Lighting unit
Abstract
A lighting unit is described utilizing an energy efficient metal vapor arc lamp as the main source of light supplemented by a standby filamentary light source producing light when the arc lamp is being started. The lighting unit is designed as a more efficient replacement for the incandescent lamp. The lighting unit includes means for conversion of 60 hertz ac to dc, and a dc energized operating network, including a ferrite transformer and an intermittently operated switching transistor serially connected with a load consisting of the filament or the arc lamp, or both, to which regulated output power is provided. The operating network produces an output with minimum dissipation adapted to each operating state of the arc lamp, including the provision of a high ignition potential, adequate power for the lamp during the glow to arc transition, warm-up and ballasting.
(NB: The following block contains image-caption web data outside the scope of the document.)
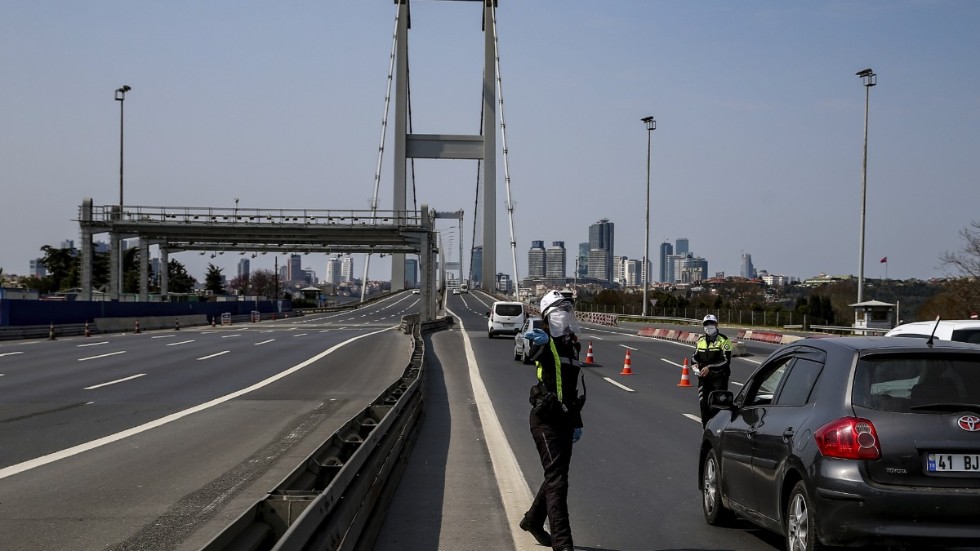Poliser kontrollerar bilar i Istanbul efter att lördagens utegångsförbud införts. Bild från 11 april.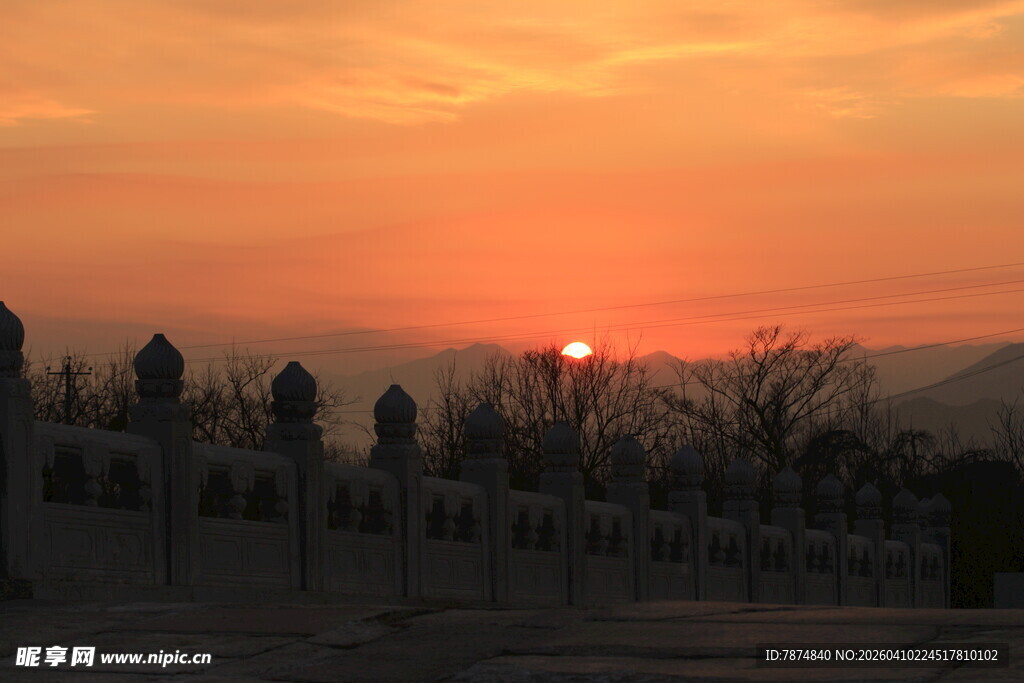 夕阳下的墓地铁轨景观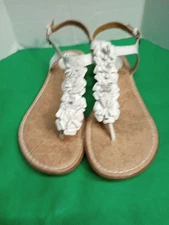 BOC Born Concept White Leather Sandals Flower Floral Women Sz 9 / 40.5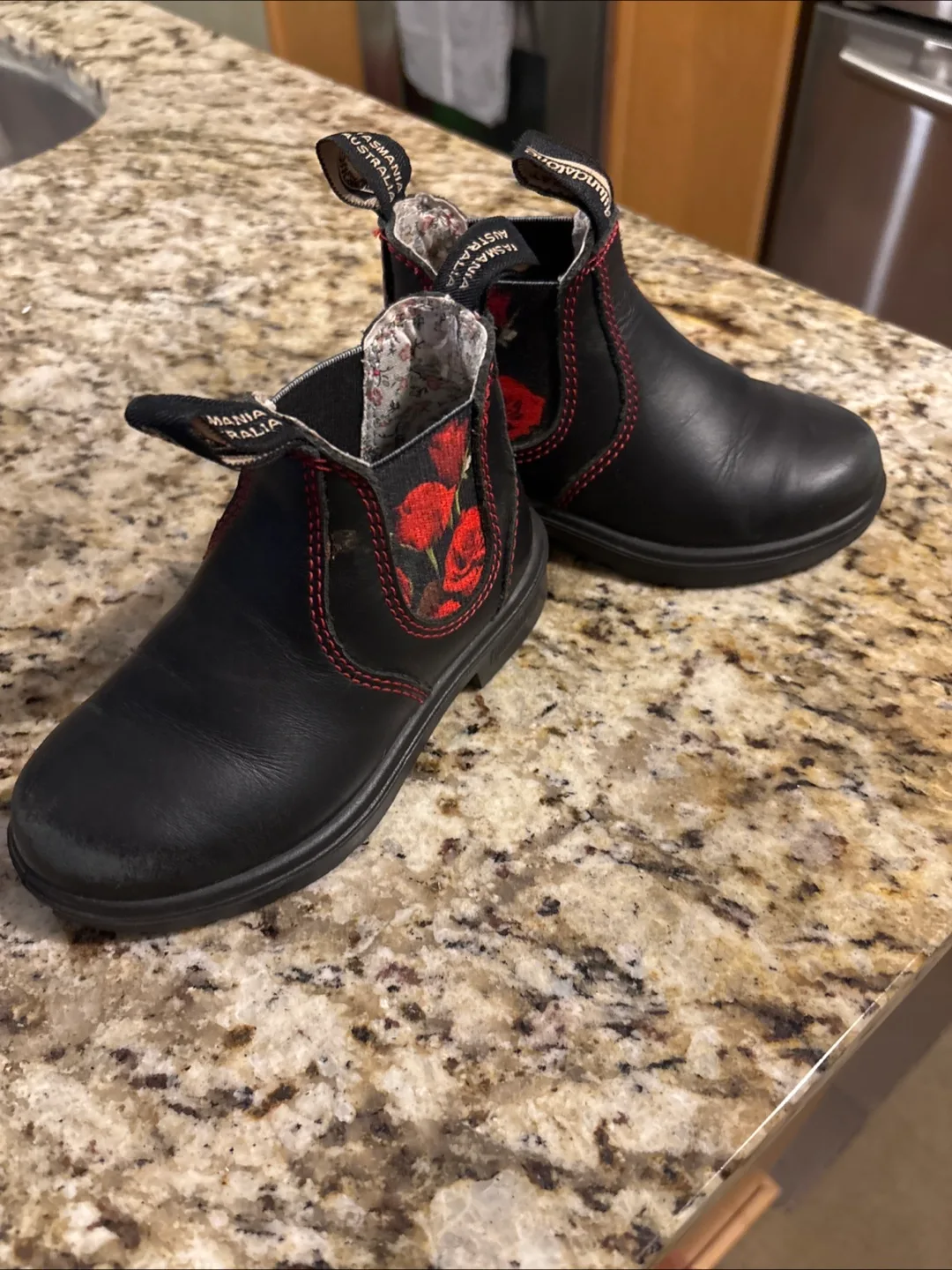 Blundstone Black Leather Boots - Size 8 thumbnail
In addition, while the arc lamp is being started, the operating network provides power for lighting the standby filament.
Claims
exact text as granted — not AI-modifiedWhat is claimed is:
1. A lighting unit comprising: A. a dc power supply having two output terminals, B. a filamentary lamp and an arc lamp, C. an operating network comprising: (1) a transformer having (a) a core of substantially linear magnetic material forming a first, main magnetic path, aperture means defining a second magnetic path lying within said main magnetic path of lower reluctance than said main magnetic path, (b) a first and a second power winding coupled to said main magnetic path, current flow in either power winding generating flux which has one sense in one segment and an opposing sense in a second segment of said second magnetic path, and (c) flux level dependent control means comprising a primary feedback winding and a secondary feedback winding passing through said aperture means and coupled to said second magnetic path, (2) a normally nonconductive switching transistor connected to intermittently complete a current path through said primary feedback winding between one said supply output terminal and a node; said secondary feedback winding being coupled across the input electrodes of said transistor for application of an initial conduction aiding feedback after transistor turn-on, continuing until one segment of said magnetic path becomes saturated, and a conduction inhibiting feedback thereafter, returning said transistor to a nonconductive state after a certain ON time, (3) a primary power circuit for operating said filamentary lamp comprising said first power winding and said filamentary lamp in series, connected between said node and the other said supply output terminal, (4) a secondary power circuit for starting and operating said arc lamp comprising said second power winding and said arc lamp connected in series between said first node and said other supply output terminal, said second power winding providing transformed starting potentials when said primary circuit is active, (5) current maintenance means connected in circuit with said power windings for allowing current flow in said power windings during the transistor OFF time, (6) switching means responsive to the state of said arc lamp for inactivating said primary power circuit when the arc lamp is warmed up, and (7) means for repetitively turning on said switching transistor.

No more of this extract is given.